流域治水を実践に 国と県が意見交換 4号BP整備を推進(栃木県事業連絡協議会)

[2022/7/2 栃木版]
 国土交通省関東地方整備局(廣瀬昌由局長)は、2022年度の「栃木県事業連絡協議会」をWEB方式で開催した。整備局や各出先事務所、水資源機構と県をリモートでつなぎ、河川や道路など所管する主要事業について情報の共有や意見の交換を行った。整備局は本年度、21年度補正と22年度当初予算を一体的に執行して、河川事業は流域治水プロジェクトの本格的な実践に取り組み、道路事業は国道4号のバイパス・現道拡幅事業や日光川治防災などを推進すると説明。県からは直轄事業の推進をはじめ、県が実施する事業への支援を求めた。

 協議会には、整備局から小林賢太郎企画部長や家田健一郎建政部長、塩井直彦河川部長ら幹部が顔をそろえた。水資源機構からは野仲典理ダム事業部次長が、県からは坂井康一県土整備部長をはじめ県土整備部の次長、本庁課長らが出席した。
 小林部長は開会にあたり、「24年4月から改正労働基準法に基づく時間外労働の上限規制が適用され、建設現場での働き方改革が待ったなしの状況」として、働き方改革や生産性向上の取り組みに国と地方公共団体が連携して取り組む重要性を強調した。
 坂井部長は、東日本台風で被災した全ての箇所の原形復旧が本年3月で完了したと報告。改良復旧を導入した7河川も「昨年完成した黒川に続き、本年度は思川が完了する予定。残る5河川も早期完了を目指して事業を推進する」と説明し、整備局の支援を求めた。
 議事はまず、整備局から本年度の事業を説明。インフラDXの取り組みは、21年7月に「関東地方整備局インフラDX推進本部」を設置。またロードマップを策定し、AIやデジタルデータ、情報技術などを活用した取り組みで「建設現場の生産性向上」や「働き方改革」を推進している。

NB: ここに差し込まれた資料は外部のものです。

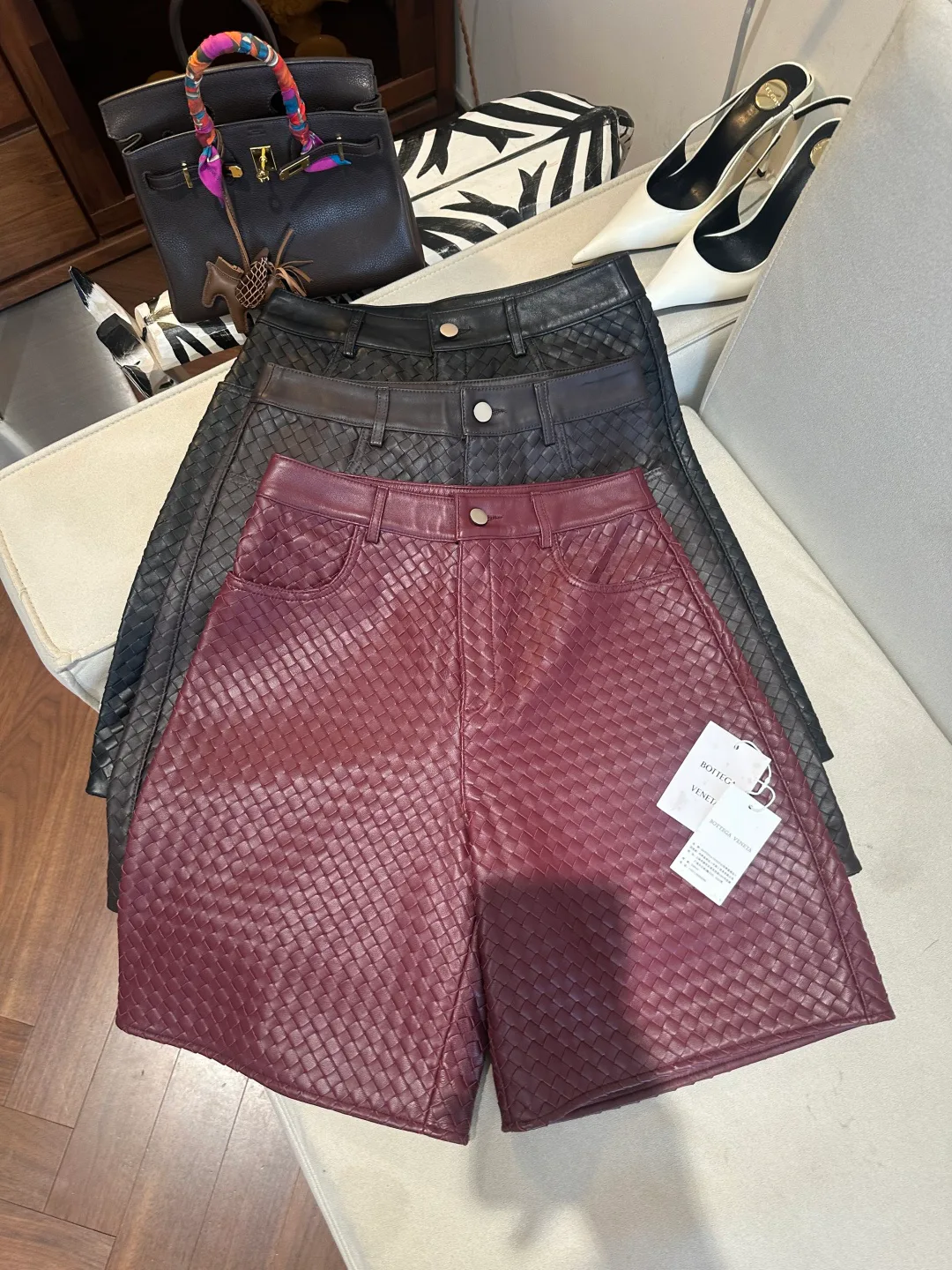 Women's Shorts BOTTEGA VENETA 17460755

 ICT普及では、22年3月に全国初の「中小建設業へのICTの普及促進に向けた実践的な手引き」を策定。今後は管内の自治体や中小企業を対象に、手引き(案)の周知活用や手引き(案)を用いたICTの啓発活動を予定している。
 河川事業は、流域治水プロジェクトで本年度を本格的な実践の年と位置付け、速やかな実施を図る。鬼怒川の流域治水プロジェクトは、鬼怒川と田川の合流部で田川水門を整備し、護岸整備や樋管整備も進めていく。
 那珂川の緊急治水対策プロジェクトは、24年度の完成に向けて堤防の整備や遊水地の整備を実施している。県内では那須烏山市下境地区で霞堤の整備などを計画し、国と県、地元市が参加する連絡会議で協力しながら取り組みを進めていく。
 渡良瀬川に架かる中橋の架替事業は、21年度から特定構造物改築事業に着手した。本年度は引き続き、橋梁の下部工を実施予定と報告した。
 鬼怒川直轄砂防事業は本年度、大谷川や稲荷川流域の砂防堰堤10カ所、床固工2カ所、山腹工5カ所の計17カ所で整備を行う。日光砂防事務所では、法面対策工事に3次元データを活用する取り組みも進めている。
 道路事業は、国道4号のバイパス・現道拡幅事業を説明。矢板拡幅は23年度の前岡地区改良工着手に向けて、引き続き調査設計や用地買収を推進する。矢板大田原バイパスは調査設計を進め、23年度にも土屋地区の用地買収に着手する。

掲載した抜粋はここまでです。